= Exercise objective =
Where the line containing "Adendorff Electrical Catalogue - Page 20" appears, start repeating, and continue exactly through the last line below, adding nothing. Include no pictures.

= Records =
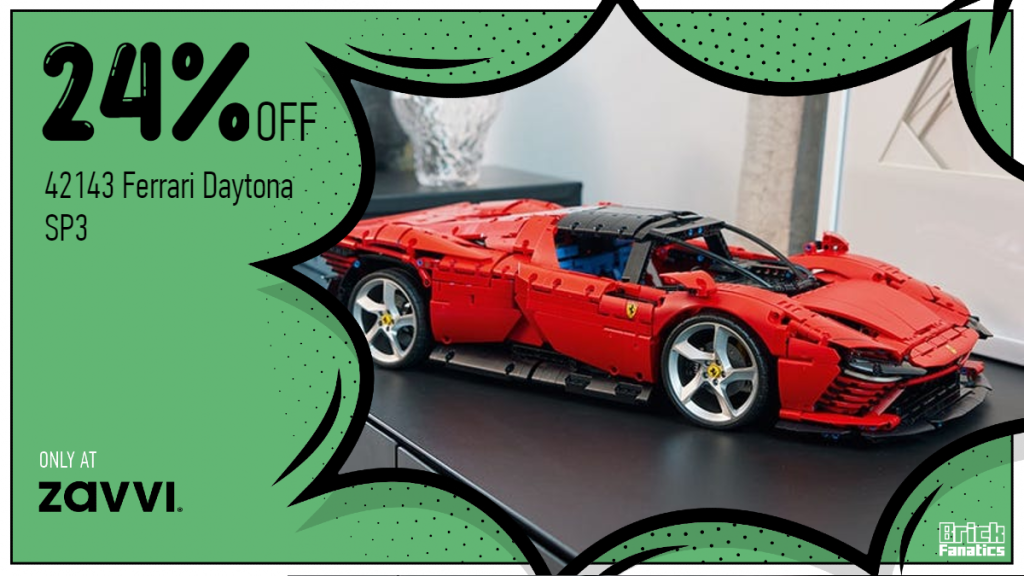 lego 42143 ferrari daytona sp3 24 off black friday zavvi featured 1024x576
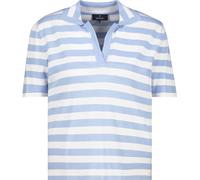 monari - Polo-Pullover mit Streifen sea side ringel - Gr. - 36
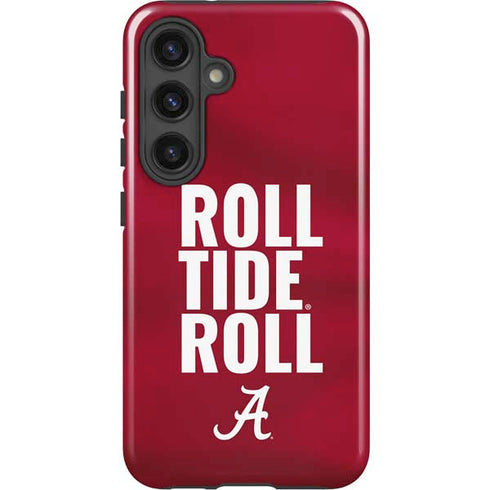 University of Alabama Roll Tide Roll Galaxy S25 Impact Case
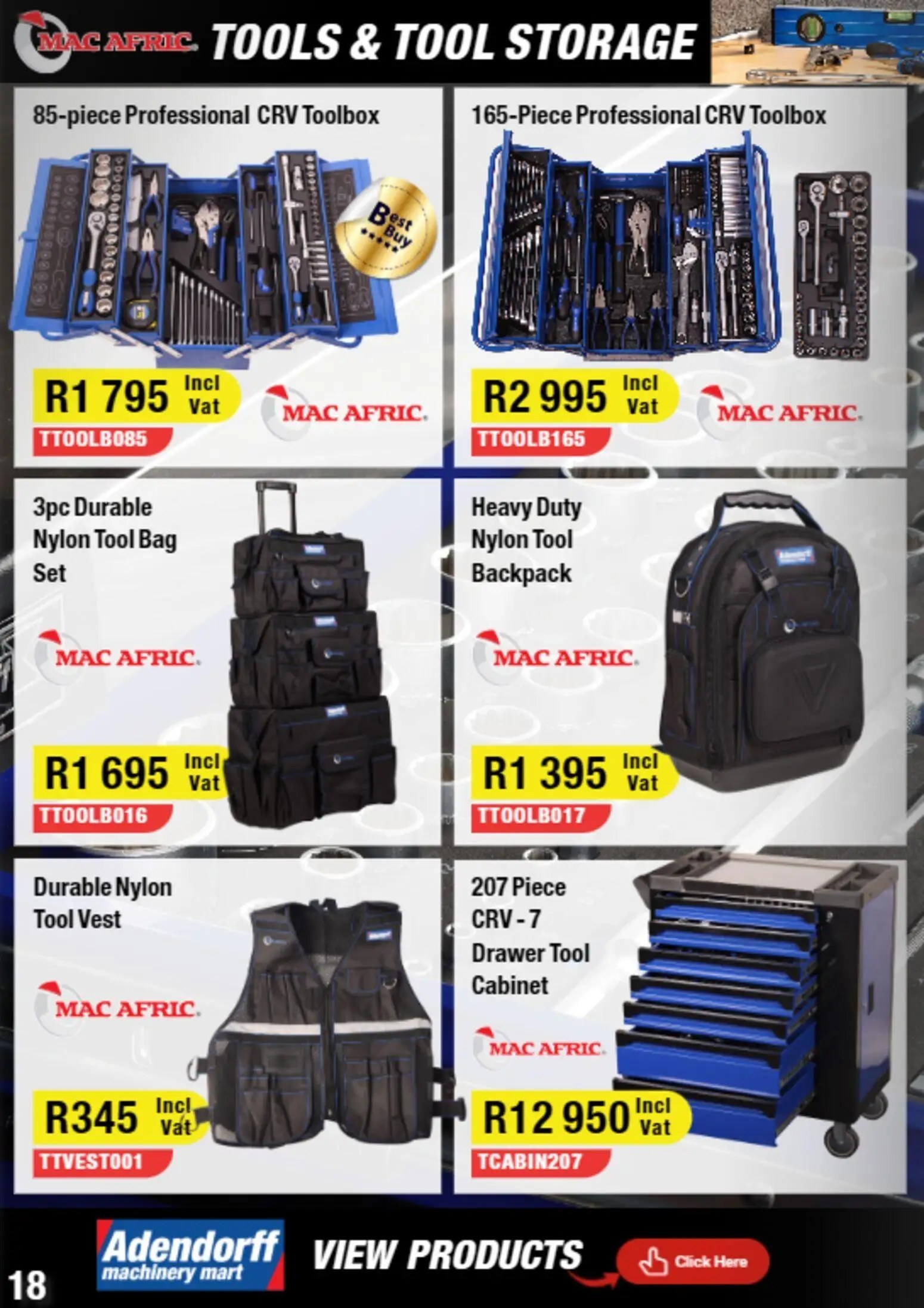 Adendorff Electrical Catalogue - Page 20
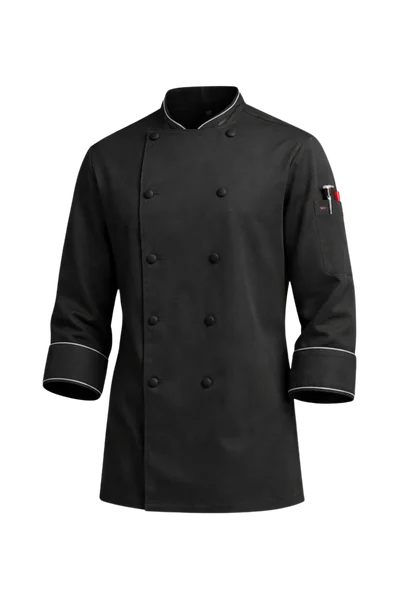 Chaqueta de Chef Negra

= Result =
 Adendorff Electrical Catalogue - Page 20
 Chaqueta de Chef Negra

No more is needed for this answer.